Hello, dear friend, you can consult us at any time if you have any questions, add WeChat: THEend8_
MGT 205 R Project - Output
Overview
In this project, you will use a data set of property values from
2007 - 2019. The data contain sales prices for houses and units
with 1, 2, 3, 4, and 5 bedrooms.
The data are: date of sale; price in dollars; property type (unit or house); number
of bedrooms
START HERE
Run the code block below.
library(tidyverse)
## ── Attaching packages ─────────────────────────────────────── tidyverse 1.3.1 ──
## ✓ ggplot2 3.3.5 ✓ purrr 0.3.4
## ✓ tibble 3.1.3 ✓ dplyr 1.0.7
## ✓ tidyr 1.1.3 ✓ stringr 1.4.0
## ✓ readr 2.0.0 ✓ forcats 0.5.1
## ── Conflicts ────────────────────────────────────────── tidyverse_conflicts() ──
## x dplyr::filter() masks stats::filter()
## x dplyr::lag() masks stats::lag()
Load the property.csv file into a data frame.
prop <- read_csv("property.csv")
## Rows: 347 Columns: 6
## ── Column specification ────────────────────────────────────────────────────────
## Delimiter: ","
## chr (2): saledate, type
## dbl (2): price, bedrooms
## lgl (2): V1, V2
##
## ℹ Use `spec()` to retrieve the full column specification for this data.
## ℹ Specify the column types or set `show_col_types = FALSE` to quiet this message.
1. How many rows and columns are there in the data set?
dim(prop)
## [1] 347 6
2. Calculate the summary statistics for the “price” column.
summary(prop$price)
## Min. 1st Qu. Median Mean 3rd Qu. Max. NA's
## 316751 427681 507596 547434 626106 1017752 1
3. Remove the unwanted variables V1 and V2 from the data set.
Show the head() of your data set to confirm that the unwanted
variables are gone.
prop<-prop[,-(5:6)]
head(prop)
## # A tibble: 6 × 4
## saledate price type bedrooms
##
## 1 30/06/2007 421291 house 3
## 2 30/06/2007 548969 house 4
## 3 30/06/2007 368817 unit 2
## 4 30/06/2008 441854 house 2
## 5 30/06/2008 419628 house 3
## 6 30/06/2008 559580 house 4
4a.

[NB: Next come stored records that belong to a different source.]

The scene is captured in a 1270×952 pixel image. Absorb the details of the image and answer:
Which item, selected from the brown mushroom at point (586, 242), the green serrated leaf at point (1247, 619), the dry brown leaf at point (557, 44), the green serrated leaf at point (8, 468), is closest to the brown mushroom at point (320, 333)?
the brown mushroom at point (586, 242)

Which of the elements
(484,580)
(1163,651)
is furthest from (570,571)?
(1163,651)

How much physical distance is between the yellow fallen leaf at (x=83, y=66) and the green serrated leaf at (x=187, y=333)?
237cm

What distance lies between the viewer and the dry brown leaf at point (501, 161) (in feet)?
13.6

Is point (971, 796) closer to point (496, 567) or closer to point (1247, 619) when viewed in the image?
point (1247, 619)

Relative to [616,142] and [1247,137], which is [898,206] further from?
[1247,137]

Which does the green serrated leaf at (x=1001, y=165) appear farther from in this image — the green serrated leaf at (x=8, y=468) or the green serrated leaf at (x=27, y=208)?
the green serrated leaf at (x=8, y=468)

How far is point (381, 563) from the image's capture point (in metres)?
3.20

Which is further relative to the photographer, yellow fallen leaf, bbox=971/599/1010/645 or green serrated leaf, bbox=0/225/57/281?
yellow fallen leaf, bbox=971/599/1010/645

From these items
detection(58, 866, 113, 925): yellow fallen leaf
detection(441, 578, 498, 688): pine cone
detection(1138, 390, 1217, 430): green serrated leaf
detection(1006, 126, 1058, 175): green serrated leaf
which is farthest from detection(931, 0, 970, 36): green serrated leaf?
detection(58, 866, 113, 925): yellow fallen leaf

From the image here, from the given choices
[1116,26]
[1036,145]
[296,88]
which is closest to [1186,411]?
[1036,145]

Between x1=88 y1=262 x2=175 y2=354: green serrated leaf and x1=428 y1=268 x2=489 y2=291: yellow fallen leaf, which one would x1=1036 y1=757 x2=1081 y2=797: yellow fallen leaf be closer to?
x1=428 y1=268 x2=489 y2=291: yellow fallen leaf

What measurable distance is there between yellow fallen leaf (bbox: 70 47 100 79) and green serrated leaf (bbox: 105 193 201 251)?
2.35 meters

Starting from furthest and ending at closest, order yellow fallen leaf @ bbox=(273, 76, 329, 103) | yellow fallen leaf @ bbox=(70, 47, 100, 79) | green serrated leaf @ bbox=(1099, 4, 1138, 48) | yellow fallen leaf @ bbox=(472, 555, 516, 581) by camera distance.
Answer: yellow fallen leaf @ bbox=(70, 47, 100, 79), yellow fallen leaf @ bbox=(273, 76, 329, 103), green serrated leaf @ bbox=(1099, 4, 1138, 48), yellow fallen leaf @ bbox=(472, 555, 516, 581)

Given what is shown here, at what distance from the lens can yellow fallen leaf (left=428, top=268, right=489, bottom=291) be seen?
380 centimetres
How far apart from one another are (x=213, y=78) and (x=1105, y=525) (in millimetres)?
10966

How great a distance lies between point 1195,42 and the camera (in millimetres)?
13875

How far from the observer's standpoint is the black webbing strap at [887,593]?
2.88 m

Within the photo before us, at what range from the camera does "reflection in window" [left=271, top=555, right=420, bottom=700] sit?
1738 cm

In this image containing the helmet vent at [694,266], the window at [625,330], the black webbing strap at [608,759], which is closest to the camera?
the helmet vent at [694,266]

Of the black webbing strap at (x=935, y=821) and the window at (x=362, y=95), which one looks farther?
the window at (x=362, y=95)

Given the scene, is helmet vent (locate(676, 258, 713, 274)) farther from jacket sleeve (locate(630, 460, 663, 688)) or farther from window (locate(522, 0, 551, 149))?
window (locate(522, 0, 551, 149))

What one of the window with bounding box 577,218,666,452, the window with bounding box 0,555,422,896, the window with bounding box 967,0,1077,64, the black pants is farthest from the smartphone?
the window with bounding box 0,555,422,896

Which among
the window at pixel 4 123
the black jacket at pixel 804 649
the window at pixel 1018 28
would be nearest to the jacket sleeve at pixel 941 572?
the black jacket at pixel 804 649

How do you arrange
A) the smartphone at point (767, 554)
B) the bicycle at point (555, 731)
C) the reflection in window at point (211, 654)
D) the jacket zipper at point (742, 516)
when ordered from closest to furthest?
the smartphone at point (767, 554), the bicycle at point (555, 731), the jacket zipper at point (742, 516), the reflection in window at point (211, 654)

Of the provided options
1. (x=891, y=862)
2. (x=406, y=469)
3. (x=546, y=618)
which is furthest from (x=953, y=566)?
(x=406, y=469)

Are there any NA values in the data set?
any(is.na(prop))
## [1] TRUE
4b. If any NA values are in the “price” column, replace it with the
mean price.
prop$price[which(is.na(prop$price))] <- mean(prop$price, na.rm = TRUE)

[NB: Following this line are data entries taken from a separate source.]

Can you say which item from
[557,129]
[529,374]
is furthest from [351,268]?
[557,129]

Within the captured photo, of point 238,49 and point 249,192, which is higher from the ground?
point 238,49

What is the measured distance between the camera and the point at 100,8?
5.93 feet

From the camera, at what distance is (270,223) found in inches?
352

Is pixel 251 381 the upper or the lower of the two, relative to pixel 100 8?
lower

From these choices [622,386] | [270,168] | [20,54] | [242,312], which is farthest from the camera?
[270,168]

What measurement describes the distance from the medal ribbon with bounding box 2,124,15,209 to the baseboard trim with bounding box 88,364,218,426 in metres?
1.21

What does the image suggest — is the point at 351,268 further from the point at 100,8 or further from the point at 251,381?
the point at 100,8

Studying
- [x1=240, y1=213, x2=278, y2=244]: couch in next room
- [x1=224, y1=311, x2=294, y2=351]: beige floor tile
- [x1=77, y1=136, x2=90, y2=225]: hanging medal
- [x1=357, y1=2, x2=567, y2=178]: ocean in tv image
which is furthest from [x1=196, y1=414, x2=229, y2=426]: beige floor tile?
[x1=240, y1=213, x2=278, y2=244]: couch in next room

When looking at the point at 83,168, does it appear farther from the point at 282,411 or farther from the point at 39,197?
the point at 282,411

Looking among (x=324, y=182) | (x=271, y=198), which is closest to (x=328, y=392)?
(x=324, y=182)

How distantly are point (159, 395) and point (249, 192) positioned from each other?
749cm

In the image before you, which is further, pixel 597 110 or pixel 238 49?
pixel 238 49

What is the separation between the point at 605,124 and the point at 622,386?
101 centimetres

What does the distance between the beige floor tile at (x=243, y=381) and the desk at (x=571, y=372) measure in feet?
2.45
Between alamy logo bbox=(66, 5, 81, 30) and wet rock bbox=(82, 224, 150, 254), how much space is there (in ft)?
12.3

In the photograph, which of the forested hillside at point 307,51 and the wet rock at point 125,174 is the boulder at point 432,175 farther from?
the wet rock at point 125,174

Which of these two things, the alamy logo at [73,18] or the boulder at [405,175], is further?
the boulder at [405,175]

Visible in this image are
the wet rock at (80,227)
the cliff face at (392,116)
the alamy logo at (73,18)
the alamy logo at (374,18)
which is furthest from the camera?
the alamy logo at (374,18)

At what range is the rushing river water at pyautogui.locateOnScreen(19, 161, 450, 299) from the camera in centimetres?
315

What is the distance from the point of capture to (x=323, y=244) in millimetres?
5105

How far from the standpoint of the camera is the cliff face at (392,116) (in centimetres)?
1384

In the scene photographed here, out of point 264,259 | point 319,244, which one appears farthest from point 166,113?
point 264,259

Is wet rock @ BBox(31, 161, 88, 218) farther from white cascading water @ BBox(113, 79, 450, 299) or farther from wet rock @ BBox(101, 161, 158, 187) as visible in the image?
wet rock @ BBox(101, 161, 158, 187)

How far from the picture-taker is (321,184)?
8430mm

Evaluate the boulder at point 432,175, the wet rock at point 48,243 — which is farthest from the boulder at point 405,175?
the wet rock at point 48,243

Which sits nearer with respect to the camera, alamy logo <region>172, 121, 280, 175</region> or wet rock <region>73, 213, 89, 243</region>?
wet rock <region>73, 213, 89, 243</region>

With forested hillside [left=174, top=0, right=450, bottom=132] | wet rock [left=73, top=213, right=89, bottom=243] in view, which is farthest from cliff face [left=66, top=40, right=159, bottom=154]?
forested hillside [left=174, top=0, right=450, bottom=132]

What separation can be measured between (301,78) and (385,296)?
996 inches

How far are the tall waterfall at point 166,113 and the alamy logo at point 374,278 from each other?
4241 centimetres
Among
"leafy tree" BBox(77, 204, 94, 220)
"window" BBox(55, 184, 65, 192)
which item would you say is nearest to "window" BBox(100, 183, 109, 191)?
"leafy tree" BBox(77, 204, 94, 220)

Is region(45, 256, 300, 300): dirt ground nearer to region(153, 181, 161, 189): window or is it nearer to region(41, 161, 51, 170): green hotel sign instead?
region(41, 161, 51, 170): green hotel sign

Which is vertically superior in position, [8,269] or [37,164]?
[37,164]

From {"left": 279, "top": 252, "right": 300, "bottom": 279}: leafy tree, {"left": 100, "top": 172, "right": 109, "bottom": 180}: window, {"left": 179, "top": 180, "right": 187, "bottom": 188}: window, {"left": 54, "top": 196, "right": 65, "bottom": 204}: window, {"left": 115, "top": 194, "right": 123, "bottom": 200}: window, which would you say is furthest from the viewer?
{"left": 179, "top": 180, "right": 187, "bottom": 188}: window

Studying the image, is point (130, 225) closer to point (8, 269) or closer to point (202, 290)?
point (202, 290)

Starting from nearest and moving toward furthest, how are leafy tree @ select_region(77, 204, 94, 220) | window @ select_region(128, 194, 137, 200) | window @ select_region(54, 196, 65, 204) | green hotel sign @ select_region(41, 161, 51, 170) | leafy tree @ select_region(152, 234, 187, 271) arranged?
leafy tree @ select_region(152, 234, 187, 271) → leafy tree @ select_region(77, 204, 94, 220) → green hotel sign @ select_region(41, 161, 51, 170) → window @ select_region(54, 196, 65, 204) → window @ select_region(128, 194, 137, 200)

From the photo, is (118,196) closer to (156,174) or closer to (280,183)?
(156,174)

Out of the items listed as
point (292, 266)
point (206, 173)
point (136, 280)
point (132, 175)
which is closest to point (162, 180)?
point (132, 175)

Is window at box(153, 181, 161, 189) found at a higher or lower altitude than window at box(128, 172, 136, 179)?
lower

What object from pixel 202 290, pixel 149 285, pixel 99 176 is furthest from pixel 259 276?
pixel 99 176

4c. If any NA values are in any of the other columns, remove the
entire row from the data set.
prop<-na.omit(prop)
4d. Show that there are no more NA values in the data set.
any(is.na(prop))
## [1] FALSE
5. Rename the “saledate” column to “date”. Show the head() of
your data set to confirm the change.
colnames(prop)[1]<-"date"
head(prop)
## # A tibble: 6 × 4
## date price type bedrooms
##
## 1 30/06/2007 421291 house 3
## 2 30/06/2007 548969 house 4
## 3 30/06/2007 368817 unit 2
## 4 30/06/2008 441854 house 2
## 5 30/06/2008 419628 house 3
## 6 30/06/2008 559580 house 4
6. Run the code below to convert the variable “bedrooms” into a
factor variable using the as.factor() function. Replace “prop” in
the code with whatever you called your data set. You do not need
to do anything else in this question after you edit and run the
code.
prop$bedrooms<-as.factor(prop$bedrooms)
7a. Calculate and show the mean price of the house properties
and unit properties.
prop %>% group_by(type) %>% summarise(mean_price =mean(price))
## # A tibble: 2 × 2
## type mean_price
##
## 1 house 626587.
## 2 unit 439743.
7b. Display the two values from 7a as a bar chart. Be sure to
include useful information to help understand your chart.